**What the task requires**
Give every entry again, word for word and in full.

**Supplied information**

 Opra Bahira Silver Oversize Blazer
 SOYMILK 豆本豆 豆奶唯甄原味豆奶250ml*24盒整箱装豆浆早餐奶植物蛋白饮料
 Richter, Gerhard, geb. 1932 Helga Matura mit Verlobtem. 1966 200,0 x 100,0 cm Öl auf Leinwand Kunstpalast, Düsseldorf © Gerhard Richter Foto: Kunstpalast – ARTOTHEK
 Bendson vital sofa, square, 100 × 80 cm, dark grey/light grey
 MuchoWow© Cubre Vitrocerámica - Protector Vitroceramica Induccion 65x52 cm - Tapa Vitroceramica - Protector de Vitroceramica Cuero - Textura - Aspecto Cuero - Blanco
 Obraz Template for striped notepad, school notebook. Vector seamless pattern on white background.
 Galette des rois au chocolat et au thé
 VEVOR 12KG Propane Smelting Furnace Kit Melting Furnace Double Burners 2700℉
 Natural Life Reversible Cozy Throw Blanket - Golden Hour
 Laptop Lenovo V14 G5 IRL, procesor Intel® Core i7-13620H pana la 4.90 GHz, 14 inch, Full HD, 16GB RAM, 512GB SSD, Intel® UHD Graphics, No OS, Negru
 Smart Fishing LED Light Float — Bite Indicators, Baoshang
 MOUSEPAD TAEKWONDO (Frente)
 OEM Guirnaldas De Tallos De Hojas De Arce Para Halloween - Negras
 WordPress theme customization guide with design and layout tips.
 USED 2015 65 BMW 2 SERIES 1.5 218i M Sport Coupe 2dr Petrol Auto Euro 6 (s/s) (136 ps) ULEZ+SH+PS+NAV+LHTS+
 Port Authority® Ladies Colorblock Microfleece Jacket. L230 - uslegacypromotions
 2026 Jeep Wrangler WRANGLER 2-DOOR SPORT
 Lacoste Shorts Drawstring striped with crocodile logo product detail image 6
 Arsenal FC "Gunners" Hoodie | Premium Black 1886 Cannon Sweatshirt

**Exercise solution**
 Opra Bahira Silver Oversize Blazer
 SOYMILK 豆本豆 豆奶唯甄原味豆奶250ml*24盒整箱装豆浆早餐奶植物蛋白饮料
 Richter, Gerhard, geb. 1932 Helga Matura mit Verlobtem. 1966 200,0 x 100,0 cm Öl auf Leinwand Kunstpalast, Düsseldorf © Gerhard Richter Foto: Kunstpalast – ARTOTHEK
 Bendson vital sofa, square, 100 × 80 cm, dark grey/light grey
 MuchoWow© Cubre Vitrocerámica - Protector Vitroceramica Induccion 65x52 cm - Tapa Vitroceramica - Protector de Vitroceramica Cuero - Textura - Aspecto Cuero - Blanco
 Obraz Template for striped notepad, school notebook. Vector seamless pattern on white background.
 Galette des rois au chocolat et au thé
 VEVOR 12KG Propane Smelting Furnace Kit Melting Furnace Double Burners 2700℉
 Natural Life Reversible Cozy Throw Blanket - Golden Hour
 Laptop Lenovo V14 G5 IRL, procesor Intel® Core i7-13620H pana la 4.90 GHz, 14 inch, Full HD, 16GB RAM, 512GB SSD, Intel® UHD Graphics, No OS, Negru
 Smart Fishing LED Light Float — Bite Indicators, Baoshang
 MOUSEPAD TAEKWONDO (Frente)
 OEM Guirnaldas De Tallos De Hojas De Arce Para Halloween - Negras
 WordPress theme customization guide with design and layout tips.
 USED 2015 65 BMW 2 SERIES 1.5 218i M Sport Coupe 2dr Petrol Auto Euro 6 (s/s) (136 ps) ULEZ+SH+PS+NAV+LHTS+
 Port Authority® Ladies Colorblock Microfleece Jacket. L230 - uslegacypromotions
 2026 Jeep Wrangler WRANGLER 2-DOOR SPORT
 Lacoste Shorts Drawstring striped with crocodile logo product detail image 6
 Arsenal FC "Gunners" Hoodie | Premium Black 1886 Cannon Sweatshirt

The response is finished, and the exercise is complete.